Academics are an important part of Qatari ties with the United States. A number of U.S. universities, including Georgetown and Northwestern, have campuses in Qatar’s Education City on the edge of the capital Doha.
The Qatari government pays hundreds of millions of dollars in operations costs to the universities each year and in return the branches provide elite higher education for hundreds of Qatari students as well as others from around the region.
Qatar also hosts the largest U.S. military facility in the Middle East, Al Udeid Air Base, which can house more than 10,000 U.S. military personnel.
Nonetheless, Qatar has received a steady stream of criticism for its links to Hamas in recent months from critics of the Biden administration in the United States and from Israeli leadership. Most recently Prime Minister Benjamin Netanyahu called the country “problematic” in a leaked audio recording.
Texas A&M University was attacked for its ties to Qatar in a January letter from an antisemitism watchdog group. The letter accused the university of involvement in a covert deal that gave Qatar control of nuclear weapons technology and described Qatar as a country that supports Hamas and other armed groups.
“The misinformation campaign had no bearing on Thursday’s decision” to shutter the Qatar campus, university spokesman Mike Reilly said in a written statement. The discussion about the future of the branch “had begun before false information was reported about Texas A&M and Qatar,” the statement added.
University President Mark Welsh, who is a retired Air Force general, issued a rebuttal of the accusations at the time calling them “simply wrong” and “irresponsible.”

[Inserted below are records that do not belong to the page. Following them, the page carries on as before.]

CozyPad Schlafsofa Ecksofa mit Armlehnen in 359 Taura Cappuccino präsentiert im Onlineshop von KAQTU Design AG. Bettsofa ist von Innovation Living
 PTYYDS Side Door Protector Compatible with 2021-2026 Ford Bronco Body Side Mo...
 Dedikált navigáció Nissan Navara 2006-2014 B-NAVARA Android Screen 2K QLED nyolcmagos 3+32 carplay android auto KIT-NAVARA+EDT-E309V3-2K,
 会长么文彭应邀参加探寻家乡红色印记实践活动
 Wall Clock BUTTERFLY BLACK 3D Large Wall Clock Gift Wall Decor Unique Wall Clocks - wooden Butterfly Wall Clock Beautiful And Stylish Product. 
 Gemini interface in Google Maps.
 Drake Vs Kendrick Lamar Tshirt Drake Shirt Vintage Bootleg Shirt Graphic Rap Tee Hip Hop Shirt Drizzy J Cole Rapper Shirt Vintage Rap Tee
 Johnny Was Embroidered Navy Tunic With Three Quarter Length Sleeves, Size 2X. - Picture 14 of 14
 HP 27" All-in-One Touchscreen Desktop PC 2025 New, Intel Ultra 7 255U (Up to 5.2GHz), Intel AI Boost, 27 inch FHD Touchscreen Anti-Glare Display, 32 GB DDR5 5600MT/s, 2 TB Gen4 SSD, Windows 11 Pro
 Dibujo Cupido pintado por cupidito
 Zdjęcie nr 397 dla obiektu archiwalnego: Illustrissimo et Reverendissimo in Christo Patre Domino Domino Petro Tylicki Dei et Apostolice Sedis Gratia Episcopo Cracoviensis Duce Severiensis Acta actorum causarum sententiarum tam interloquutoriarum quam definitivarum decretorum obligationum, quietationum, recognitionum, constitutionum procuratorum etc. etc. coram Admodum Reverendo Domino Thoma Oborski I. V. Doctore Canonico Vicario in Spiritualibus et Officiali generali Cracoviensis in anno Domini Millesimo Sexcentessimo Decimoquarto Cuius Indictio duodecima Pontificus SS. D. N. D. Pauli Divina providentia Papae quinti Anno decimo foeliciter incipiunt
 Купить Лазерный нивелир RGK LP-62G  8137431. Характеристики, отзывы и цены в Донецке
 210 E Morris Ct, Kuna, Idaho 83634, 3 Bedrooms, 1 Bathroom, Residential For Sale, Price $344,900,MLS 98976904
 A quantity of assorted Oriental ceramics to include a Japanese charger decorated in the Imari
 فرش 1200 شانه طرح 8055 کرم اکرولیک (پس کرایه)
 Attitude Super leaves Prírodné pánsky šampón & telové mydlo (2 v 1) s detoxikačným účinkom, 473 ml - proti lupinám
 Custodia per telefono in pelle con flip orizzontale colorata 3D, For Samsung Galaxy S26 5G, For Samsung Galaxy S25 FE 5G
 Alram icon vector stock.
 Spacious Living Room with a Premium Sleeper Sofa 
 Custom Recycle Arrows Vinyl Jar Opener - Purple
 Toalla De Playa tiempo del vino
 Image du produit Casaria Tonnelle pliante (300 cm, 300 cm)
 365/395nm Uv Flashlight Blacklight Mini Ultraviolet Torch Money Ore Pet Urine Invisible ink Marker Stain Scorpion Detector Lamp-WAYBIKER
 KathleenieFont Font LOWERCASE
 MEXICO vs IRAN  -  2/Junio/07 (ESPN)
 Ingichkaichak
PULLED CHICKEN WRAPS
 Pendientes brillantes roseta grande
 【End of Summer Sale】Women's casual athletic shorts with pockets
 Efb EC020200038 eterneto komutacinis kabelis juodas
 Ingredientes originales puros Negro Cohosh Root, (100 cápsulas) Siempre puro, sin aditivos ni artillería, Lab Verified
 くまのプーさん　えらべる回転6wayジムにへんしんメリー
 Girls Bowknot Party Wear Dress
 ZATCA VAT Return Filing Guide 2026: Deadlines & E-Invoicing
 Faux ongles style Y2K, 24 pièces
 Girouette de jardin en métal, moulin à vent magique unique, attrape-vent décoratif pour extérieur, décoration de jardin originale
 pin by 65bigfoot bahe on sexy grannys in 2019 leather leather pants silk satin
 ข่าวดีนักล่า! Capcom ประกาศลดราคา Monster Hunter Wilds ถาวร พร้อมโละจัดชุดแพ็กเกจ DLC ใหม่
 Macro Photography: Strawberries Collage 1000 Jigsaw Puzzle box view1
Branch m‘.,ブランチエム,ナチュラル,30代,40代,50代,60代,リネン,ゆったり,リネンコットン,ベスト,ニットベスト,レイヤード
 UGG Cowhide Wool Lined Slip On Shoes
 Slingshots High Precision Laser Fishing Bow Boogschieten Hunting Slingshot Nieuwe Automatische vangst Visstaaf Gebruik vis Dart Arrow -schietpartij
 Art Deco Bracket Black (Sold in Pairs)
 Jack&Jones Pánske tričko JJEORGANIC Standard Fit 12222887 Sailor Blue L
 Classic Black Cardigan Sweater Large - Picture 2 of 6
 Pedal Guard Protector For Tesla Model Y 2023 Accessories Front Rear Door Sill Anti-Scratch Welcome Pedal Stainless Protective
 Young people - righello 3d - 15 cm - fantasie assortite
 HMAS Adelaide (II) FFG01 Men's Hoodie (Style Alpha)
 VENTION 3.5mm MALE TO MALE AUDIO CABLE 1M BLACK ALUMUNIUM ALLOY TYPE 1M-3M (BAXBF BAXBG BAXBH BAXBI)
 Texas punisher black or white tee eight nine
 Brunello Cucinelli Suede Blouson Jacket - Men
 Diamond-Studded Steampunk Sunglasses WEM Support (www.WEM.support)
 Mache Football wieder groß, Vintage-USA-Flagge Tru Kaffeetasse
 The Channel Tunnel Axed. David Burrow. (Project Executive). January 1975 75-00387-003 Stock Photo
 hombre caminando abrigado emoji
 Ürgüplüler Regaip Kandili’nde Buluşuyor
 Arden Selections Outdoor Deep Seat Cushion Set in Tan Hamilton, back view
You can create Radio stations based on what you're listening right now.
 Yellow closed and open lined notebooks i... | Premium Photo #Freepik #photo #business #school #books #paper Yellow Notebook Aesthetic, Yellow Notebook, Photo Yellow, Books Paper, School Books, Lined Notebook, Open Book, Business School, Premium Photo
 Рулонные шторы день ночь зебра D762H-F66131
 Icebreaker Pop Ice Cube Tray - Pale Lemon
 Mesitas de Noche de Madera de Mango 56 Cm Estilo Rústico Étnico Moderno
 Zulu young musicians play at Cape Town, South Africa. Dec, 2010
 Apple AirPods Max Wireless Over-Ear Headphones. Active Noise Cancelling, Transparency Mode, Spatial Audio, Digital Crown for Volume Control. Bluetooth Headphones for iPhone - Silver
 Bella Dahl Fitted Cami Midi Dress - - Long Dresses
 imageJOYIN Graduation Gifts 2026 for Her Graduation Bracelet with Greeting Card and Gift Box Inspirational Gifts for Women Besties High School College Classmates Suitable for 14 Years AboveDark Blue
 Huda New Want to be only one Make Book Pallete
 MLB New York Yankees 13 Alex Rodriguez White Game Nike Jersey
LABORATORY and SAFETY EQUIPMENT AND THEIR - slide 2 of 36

Texas A&M University has had a branch in Qatar for over two decades, during which time it has graduated over 1,500 engineering students.
This week’s statement from the university board said the institution began reviewing its decision to have a “physical presence in Qatar” in fall 2023 “due to the heightened instability in the Middle East.”
The university branch will be shuttered by 2028, the statement said, but a team will be assembled to ensure students can complete their studies.